One of the most interesting things about the Burren is the the fact that the landscape is so hospitable to orchids—many, many orchids. In August, they were plentiful if you knew where to look. Mainly the pyramidal orchid (Anacamptis pyrimidalis), which tended to snuggle up to limestone rocks in coastal meadows. I think the rocks provide a radiant heat source and protection from the constant winds. Anyway, they are a beast to draw! Here’s my initial attempt. They don’t normally grow in clusters, rather, I’d see solitary orchids every 10-20 feet, waving in the breeze. But each one is truly different and that’s what I want to portray. We’ll see how this one plays out.

Potions, Poisons, and Panaceas

Just attended the opening of the exhibit “Potions, poisons, and panaceas: Medicinal and pharmacological botanical illustrations” at the Art gallery at the Fulginiti Pavilion for Bioethics and Humanities on the CU Anschutz Medical Campus. It is a beautifully staged exhibit with a wonderful collection of botanical art. There was also a very interesting panel discussion on the role plants have played in medical history, and the role they play today.

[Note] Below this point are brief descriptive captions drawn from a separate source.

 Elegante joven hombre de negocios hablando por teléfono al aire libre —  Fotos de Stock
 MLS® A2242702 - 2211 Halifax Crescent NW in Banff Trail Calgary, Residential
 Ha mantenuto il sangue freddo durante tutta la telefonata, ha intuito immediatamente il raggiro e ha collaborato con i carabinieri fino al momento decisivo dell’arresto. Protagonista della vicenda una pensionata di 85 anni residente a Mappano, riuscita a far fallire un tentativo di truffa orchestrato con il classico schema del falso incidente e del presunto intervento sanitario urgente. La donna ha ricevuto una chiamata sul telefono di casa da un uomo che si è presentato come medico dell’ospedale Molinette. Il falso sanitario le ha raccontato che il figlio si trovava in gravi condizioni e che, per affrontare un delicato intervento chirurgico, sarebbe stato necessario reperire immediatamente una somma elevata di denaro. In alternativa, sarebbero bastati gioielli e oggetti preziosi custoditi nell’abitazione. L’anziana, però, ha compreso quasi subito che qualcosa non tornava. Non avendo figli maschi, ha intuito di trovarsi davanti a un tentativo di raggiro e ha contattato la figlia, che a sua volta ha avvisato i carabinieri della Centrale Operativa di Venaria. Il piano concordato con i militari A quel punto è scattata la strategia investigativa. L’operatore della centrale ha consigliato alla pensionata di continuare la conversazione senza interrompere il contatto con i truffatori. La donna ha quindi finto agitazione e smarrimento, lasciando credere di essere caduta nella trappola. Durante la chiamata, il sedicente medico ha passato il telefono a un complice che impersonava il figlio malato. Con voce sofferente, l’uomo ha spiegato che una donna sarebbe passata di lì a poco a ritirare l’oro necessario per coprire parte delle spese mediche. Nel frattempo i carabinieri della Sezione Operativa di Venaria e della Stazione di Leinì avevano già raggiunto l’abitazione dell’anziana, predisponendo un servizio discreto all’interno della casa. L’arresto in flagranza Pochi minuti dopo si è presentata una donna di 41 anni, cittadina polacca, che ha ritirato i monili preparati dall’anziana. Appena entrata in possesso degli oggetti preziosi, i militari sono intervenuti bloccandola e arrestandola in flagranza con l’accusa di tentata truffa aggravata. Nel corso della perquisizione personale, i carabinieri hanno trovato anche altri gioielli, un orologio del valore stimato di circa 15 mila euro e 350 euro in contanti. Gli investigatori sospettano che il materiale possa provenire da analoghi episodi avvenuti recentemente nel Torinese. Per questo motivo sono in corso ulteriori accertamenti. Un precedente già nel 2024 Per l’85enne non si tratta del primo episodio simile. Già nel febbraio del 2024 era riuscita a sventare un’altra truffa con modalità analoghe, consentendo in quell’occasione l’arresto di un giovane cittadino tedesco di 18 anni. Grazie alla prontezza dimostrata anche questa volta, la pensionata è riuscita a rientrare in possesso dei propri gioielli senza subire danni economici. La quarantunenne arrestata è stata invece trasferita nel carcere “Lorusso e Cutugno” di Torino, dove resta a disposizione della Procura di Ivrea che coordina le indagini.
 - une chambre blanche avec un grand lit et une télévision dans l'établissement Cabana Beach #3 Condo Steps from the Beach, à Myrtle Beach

That’s me with my Cannabis Sativa. Exhibit is up through November 10. If you are down there, by all means stop by. Well worth it!

Preliminary works

So, this is what I’ve been doing for the past week. Before memory fades, I’ve been trying to work out compositions in pencil for several of the plants I saw in the Burren in August. Using sketchbook drawings, photos, videos and memory, I am attempting to get it all on paper as quickly as possible. Above: Harebells; Sea bindweed; Mountain Avens; and the lovely Burnett rose. Very preliminary but it will give me something to build on as I move towards color. I still have a few to do— pyramidal orchids, Oxeye daisys, bog thistle, and a few more. I like this stage, where everything is still possible—working on tracing paper with a simple pencil. Next step, color swatches. Enough work to last through the end of the year for sure!